Orta Doğu’daki dengeler yerine, belki Orta Doğu’daki dengesizlikler ifadesi daha da yerinde olabilir. Ben Orta Doğudaki bu karışıklıklara çok daha değişik bir yönden bakmak istiyorum. Zira, bugün Dünya’ya şekil vermeğe çalışan süper güçlerin ağızlarından eksik etmedikleri demokrasi kavramına rağmen; Orta Doğu’da gerçek anlamda barış ve demokrasi istediklerini hiç tahmin etmiyorum. Benim kanaatime göre alabildiğine karıştırmak istedikleri açıkça ortadadır. Tarihsel olarak incelendiği zaman da, Orta Doğu her zaman kaos’un merkezi olmuştur. Sadece ve sadece, Osmanlı döneminde 4 yüzyıl barış içinde olmalarına karşın, her ortamda, Osmanlıların kendilerini sömürdüğünü ifade etmektedirler. Tarihsel olarak karışıklıkların hüküm sürdüğü bu coğrafya’ya; Henri Wilhelm August Deterding(1886-1939) ile birlikte, kapkara kaderine ilâve olarak, kara petrolün karası da ilâve olmuştur. Deterding Dünyadaki tüm petrol sahalarını tespit etmiştir ve ondan sonra ise, Dünyadaki savaşlar ve süper güçlerin hükümranlıkları ona göre ortaya çıkmıştır. Şu anda Dünyada bilinen petrol ve doğal gaz kaynaklarının % 60’ının Orta doğuda oluşu, süper güçlerin iştahını kabartmakta ve açıkça ifade etmek gerekir ise, bu kaynakları düşündükçe de salyaları akmaktadır. Kendilerince Allah’ın bir nimeti olarak ihsan edilmiş olan bu kaynaklar, onların için rengi gibi kara kaderleri olarak ortaya çıkmaktadır. Orta Doğu’dan petrolü aldığınız zaman geriye, yoksul, fakir, hâlâ orta çağ zihniyetinde yaşayan topluluklar ortaya çıkmaktadır. Petrol bitince de yine Dünyanın gelişmemiş ülkeleri arasında yer alacaklardır. Çünkü tüm zenginlik kralların, şeyhlerin saltanatına gitmekte ve bu kısır döngüden kurtulmaları mümkün değildir.
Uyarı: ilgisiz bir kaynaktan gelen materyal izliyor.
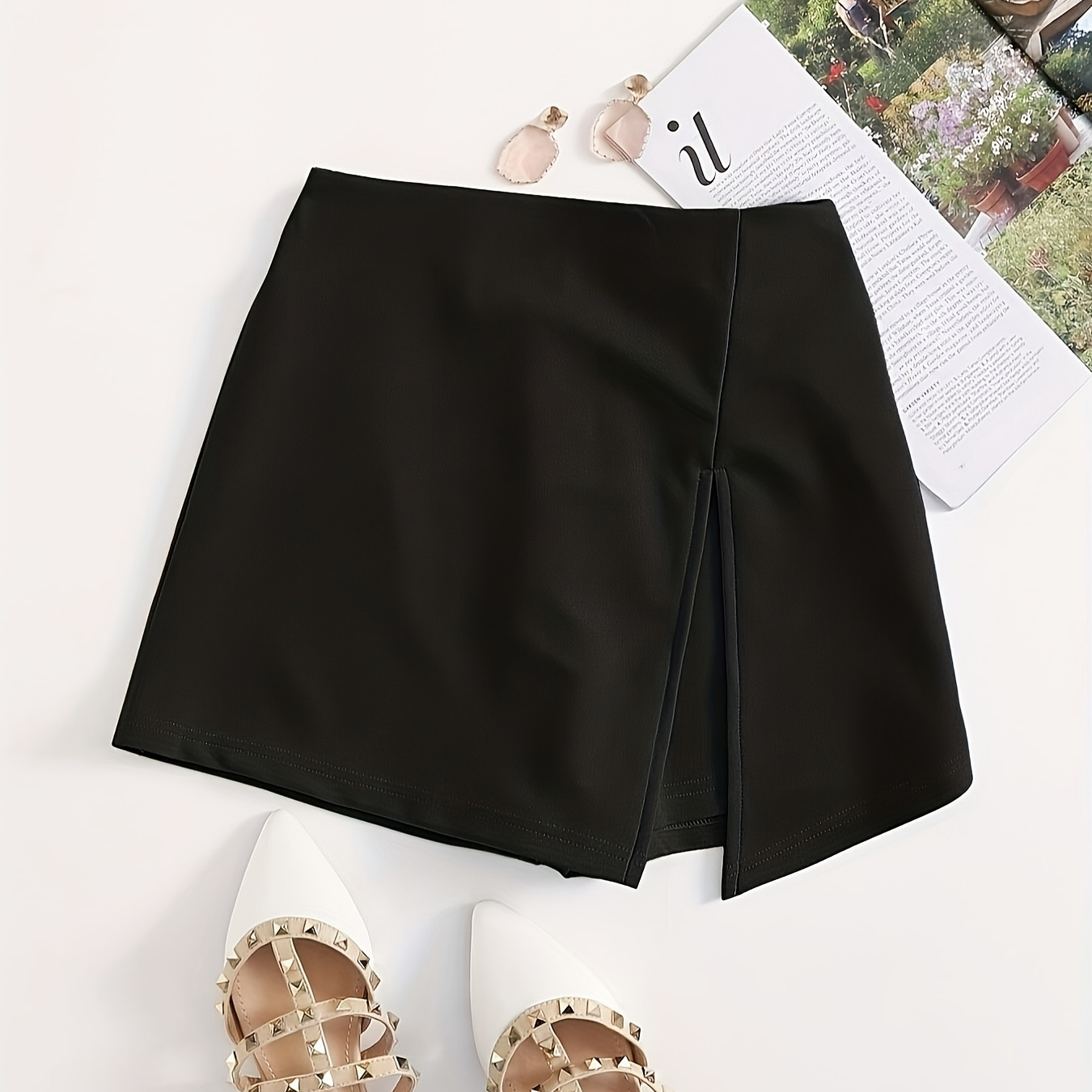 

Solid Slit Hem Elastic Waist Skorts, Casual Shorts For Spring & Summer, Women's Clothing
Her zaman yazıyorum ve yine yazacağım. Orta Doğu’daki dökülen kan Müslüman kanıdır. Çok garip bir durum ki, petrolün verdiği zenginlikle, gelişmiş ülkelerden aldıkları silahlarla birbirlerini öldürme çabası içindedirler. Öldürülen Allah’u Ekber demekte; öldüren de Allah’u Ekber diyerek öldürmektedir. Bana göre bu insanların beyinlerini toplasanız bir incir çekirdeğine sığacak ve daha da boş yer kalacaktır. Din, mezhep, tarikat ayrımları çok ileriye derecededir. Her zaman dile getirdiğim de utandığım husus ise, Orta Doğu’daki bu halklar kendi aralarındaki sorunların çözümünde, Hıristiyan olan batılılardan yardım istemektedirler. Tüm petrol kaynaklarına göz dikmiş olan, batılılar onlara niçin yardım etsin ki! Evet, yardım ediyorum lâfıyla, demokrasi havarisi pozunda; tavşana kaç, tazıya tut demekte, birbirlerini öldürmelerinden zevk alarak, olanları temaşa ile seyretmektedirler.
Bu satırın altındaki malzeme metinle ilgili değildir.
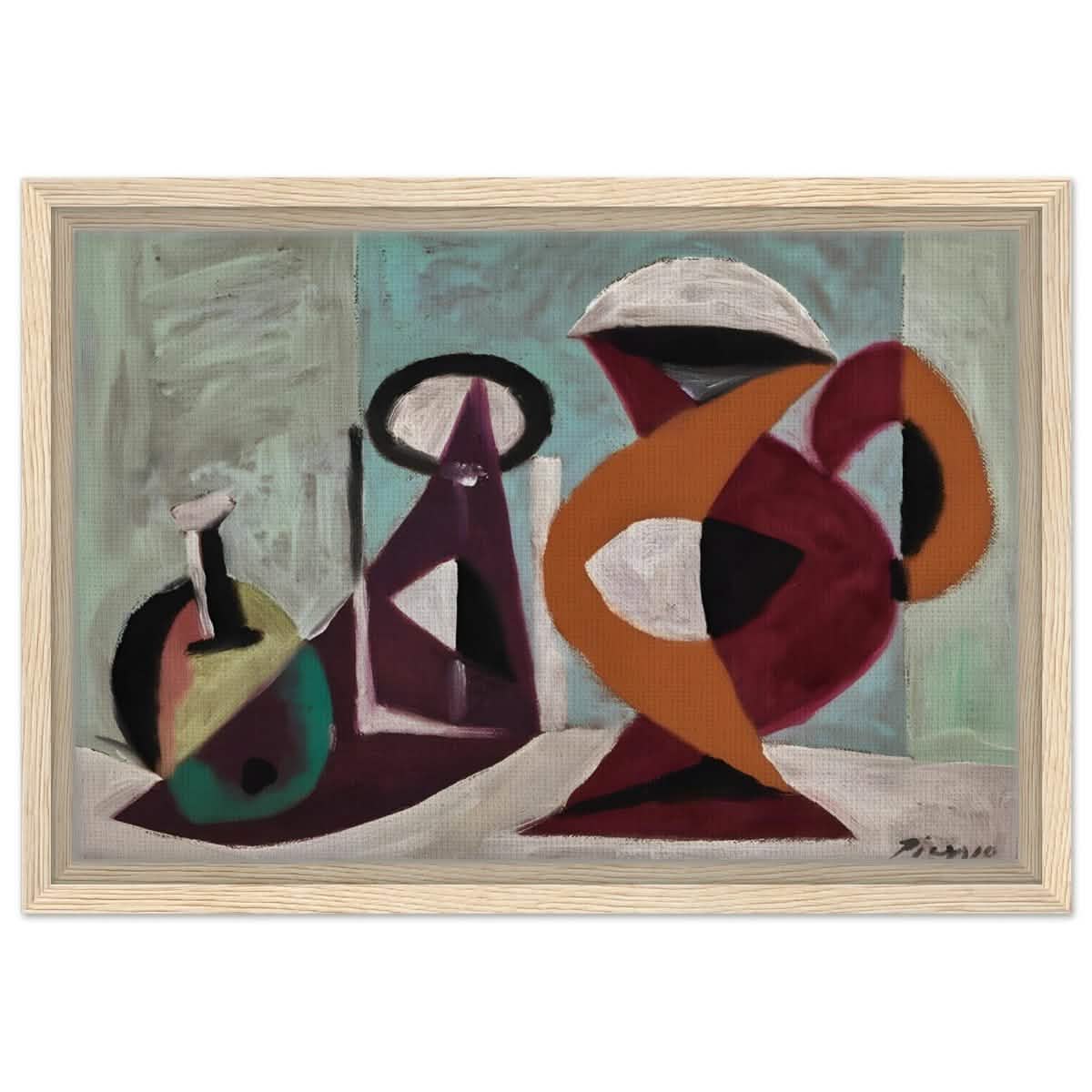 Still life by Pablo Picasso 1937 | Cubism wall art print - Framed Canvas - 30x45 cm / 12x18″ - Wood frame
Ülkemizde çok acayip anlayışı da dile getirmek isterim. Sözde, ABD bizim kadim müttefikimiz imiş. Bir zamanlar, Amerikalılar bizlerin kan kardeşi idi. Şunu açıkça ifade etmek gerekir ki, ABD bizim kan kardeşimiz de değil, bizim düşmanımız da değildir. Dünya dış siyaseti her zaman kaygan bir zemindir. İşlerine geldiği ölçüde, doksan derece, yüz seksen derece, iki yüz yetmişderece veya üç yüz altmış derece dönüşlere rastlanır. Onun için ilişkilerde devamlı olarak ihtiyatlı davranmak ve her ihtimali göz önünde tutmak gereği vardır. Emperyalizmin şekil değiştirdiği günümüzde, dış siyasetimizi de buna göre yapılandırmamız gereği vardır. Bunun içinde, iç barışımızı tesis etmemiz gereği ortadadır. Bu emperyalist ülkelerin iç siyasetimize de karıştıkları ortadadır. Fethullah Gülen’in bir ABD projesi olduğunu söylemek, bir zamanlar suç idi. Aklımızı başımıza toplama zamanı geldi geçmektedir. Saygılarımla.